======== Data records

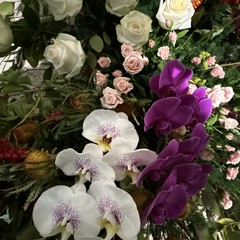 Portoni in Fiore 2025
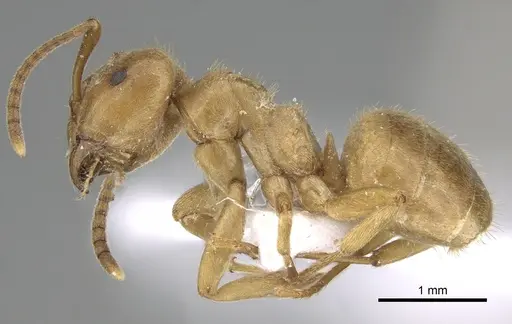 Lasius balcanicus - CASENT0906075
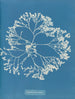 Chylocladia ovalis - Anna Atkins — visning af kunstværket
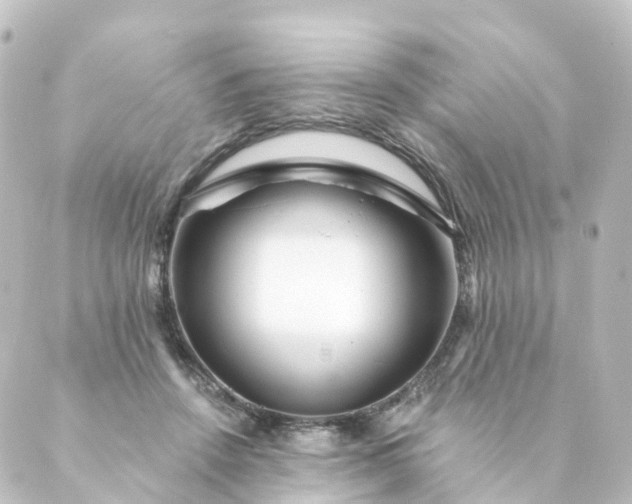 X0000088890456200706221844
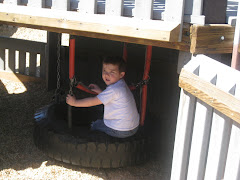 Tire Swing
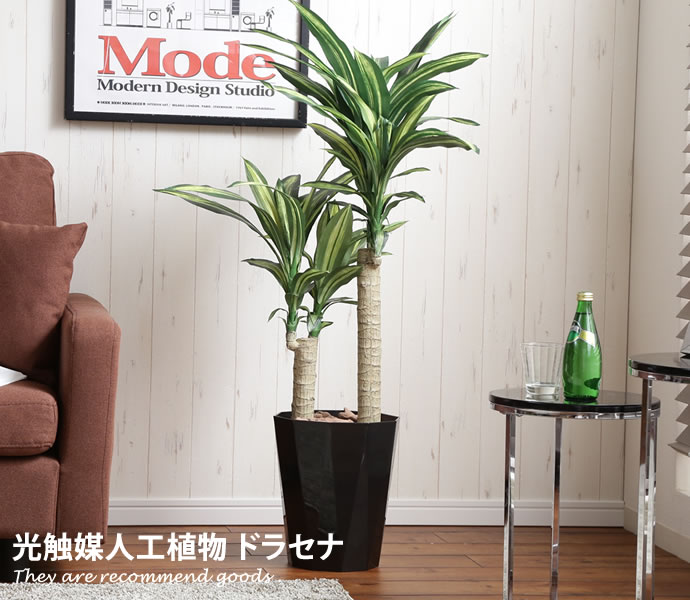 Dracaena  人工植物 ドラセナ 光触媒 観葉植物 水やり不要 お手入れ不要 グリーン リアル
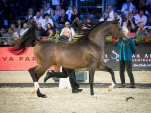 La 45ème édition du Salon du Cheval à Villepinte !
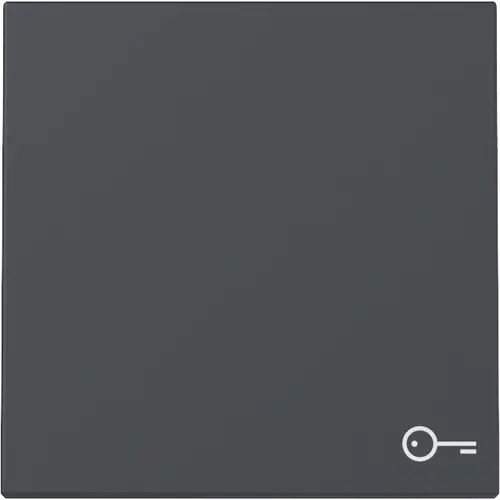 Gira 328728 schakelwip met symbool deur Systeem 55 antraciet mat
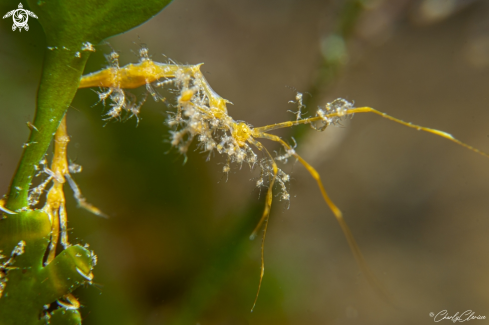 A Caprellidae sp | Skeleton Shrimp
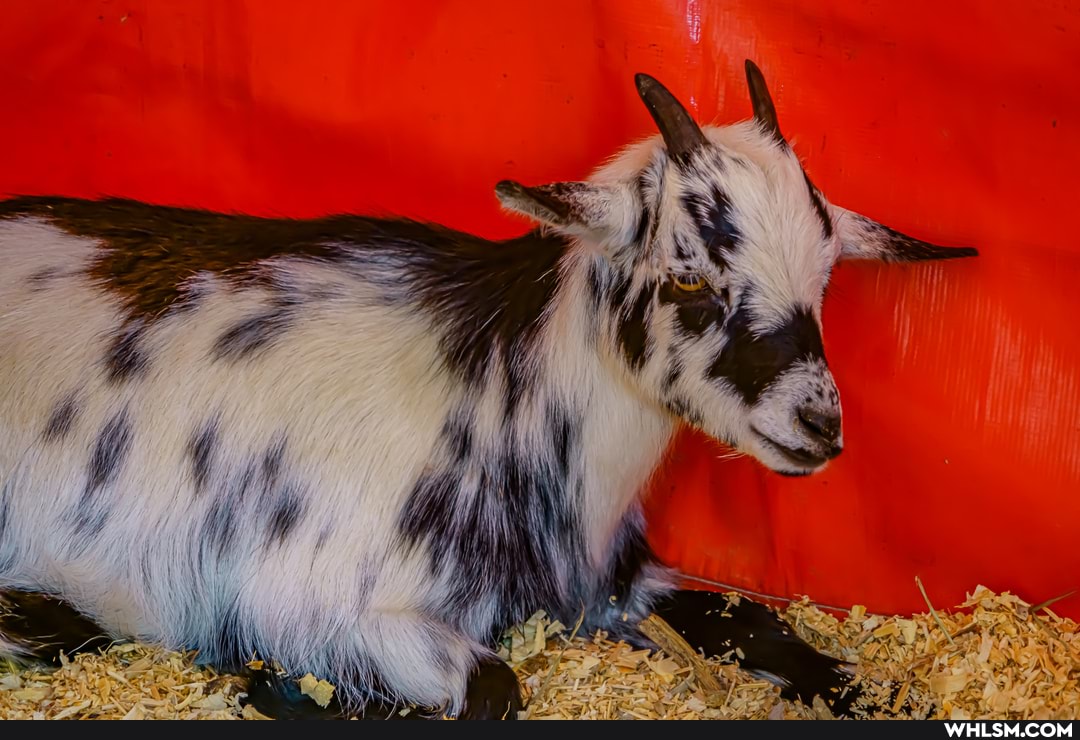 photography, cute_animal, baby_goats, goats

================

Exercise »
From the opening line of the entries, copy each line exactly until the line with "Gira 328728 schakelwip", which is copied as well; leave out pictures.

Response to this task »
 Portoni in Fiore 2025
 Lasius balcanicus - CASENT0906075
 Chylocladia ovalis - Anna Atkins — visning af kunstværket
 X0000088890456200706221844
 Tire Swing
 Dracaena  人工植物 ドラセナ 光触媒 観葉植物 水やり不要 お手入れ不要 グリーン リアル
 La 45ème édition du Salon du Cheval à Villepinte !
 Gira 328728 schakelwip met symbool deur Systeem 55 antraciet mat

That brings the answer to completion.